■ Data supplied
# # #

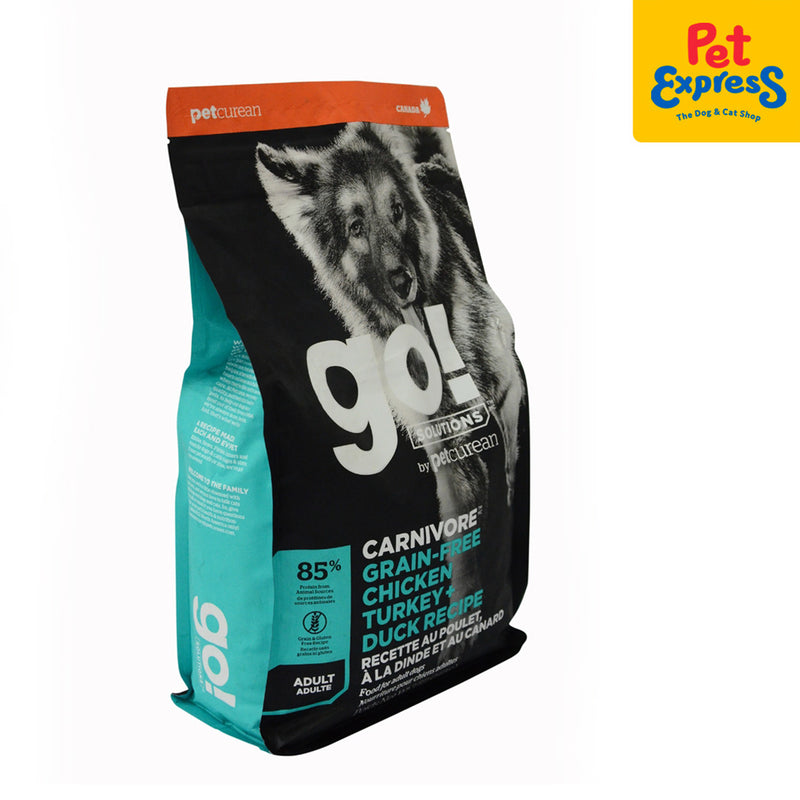 Go! Solutions Carnivore Grain Free Chicken Turkey and Duck Recipe Adult Dry Dog Food 3.5lbs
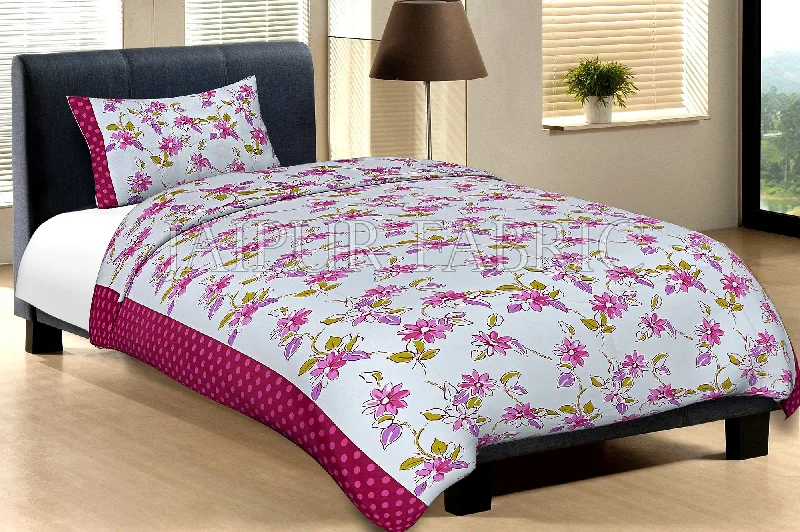 Maroon Border With Pink Polka Dot And White Base With Pink Flower Cotton Single Bed Sheet with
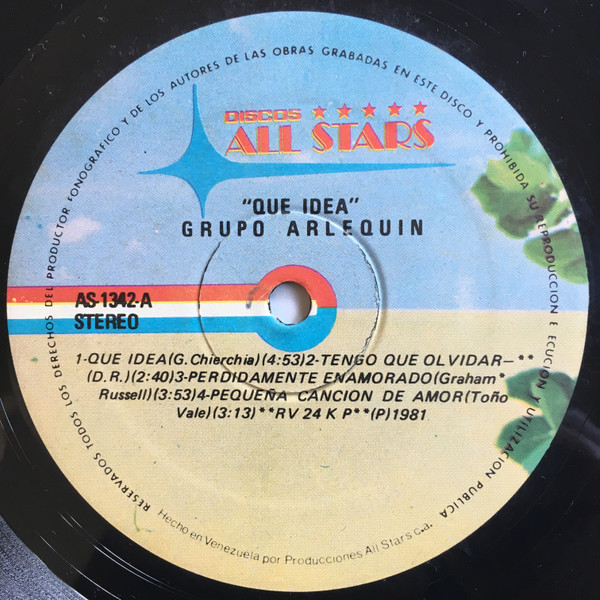Grupo Arlequin - Que Idea | Discos All Stars (AS-1342) - 3 Grupo Arlequin - Que Idea | Discos All Stars (AS-1342) - 3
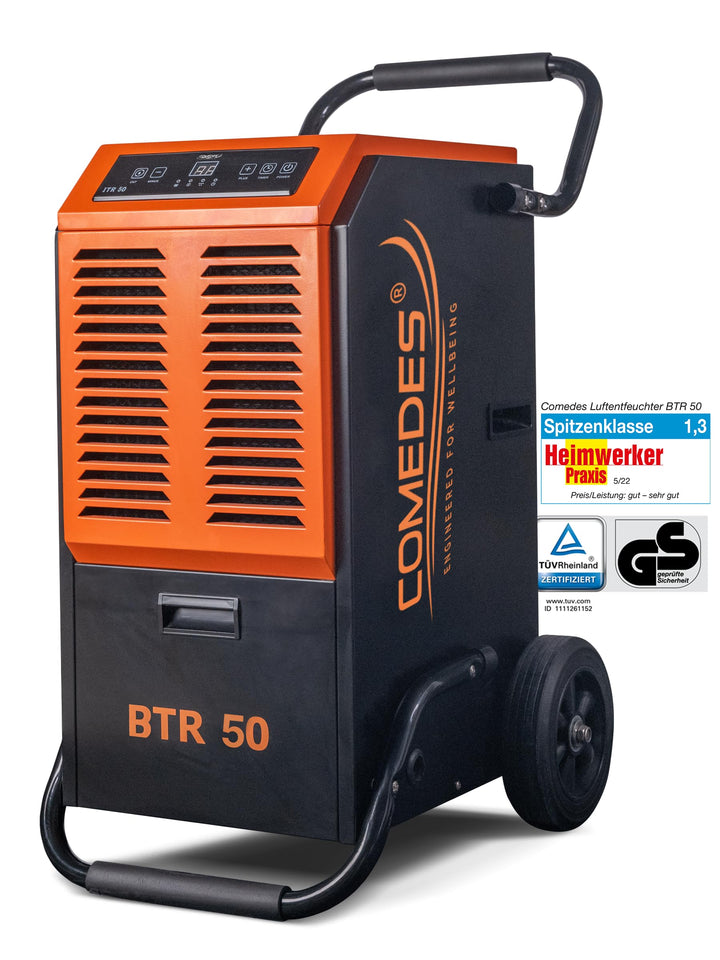 Comedes Bautrockner Luftentfeuchter BTR 50 (max. 51 Liter / 24h) Geeignet für Räume und Keller bis 1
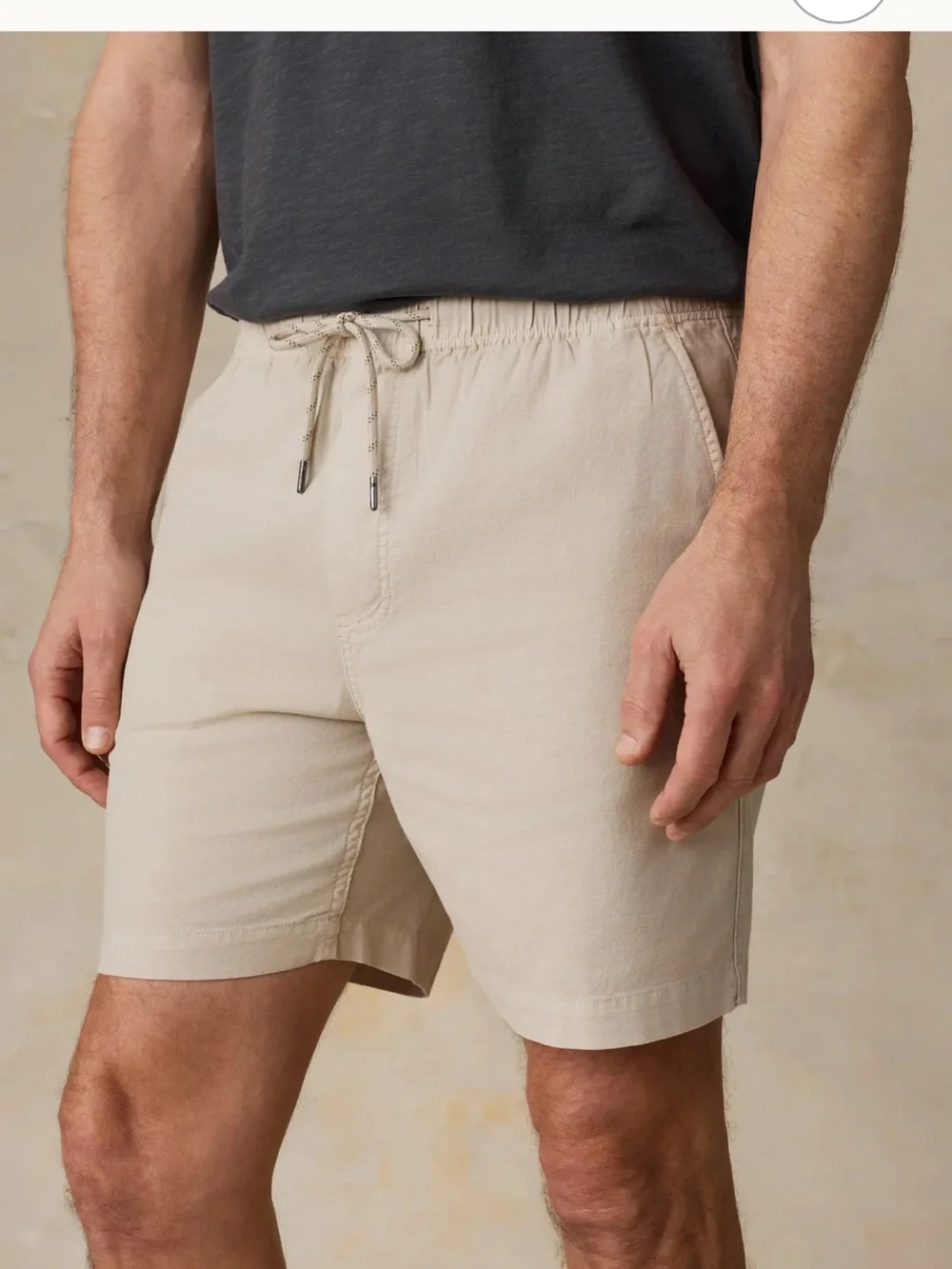 Faherty Essential Drawstring Cotton/Linen Blend Shorts Button Accent in Stone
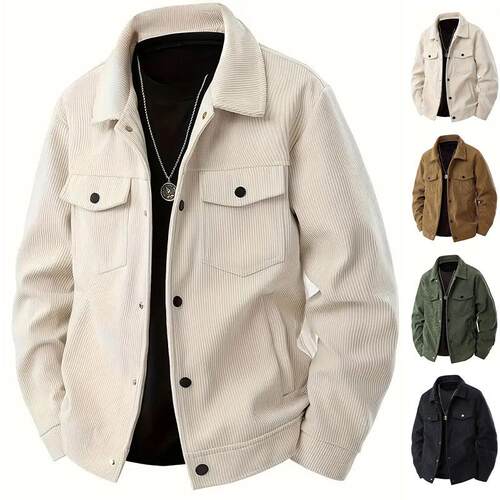 Men's Long Sleeve Soft Touch Fitted Plain Jacket, Comfortabl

# # #

This exercise needs every entry retyped exactly, with the pictures removed.

 Go! Solutions Carnivore Grain Free Chicken Turkey and Duck Recipe Adult Dry Dog Food 3.5lbs
 Maroon Border With Pink Polka Dot And White Base With Pink Flower Cotton Single Bed Sheet with
Grupo Arlequin - Que Idea | Discos All Stars (AS-1342) - 3 Grupo Arlequin - Que Idea | Discos All Stars (AS-1342) - 3
 Comedes Bautrockner Luftentfeuchter BTR 50 (max. 51 Liter / 24h) Geeignet für Räume und Keller bis 1
 Faherty Essential Drawstring Cotton/Linen Blend Shorts Button Accent in Stone
 Men's Long Sleeve Soft Touch Fitted Plain Jacket, Comfortabl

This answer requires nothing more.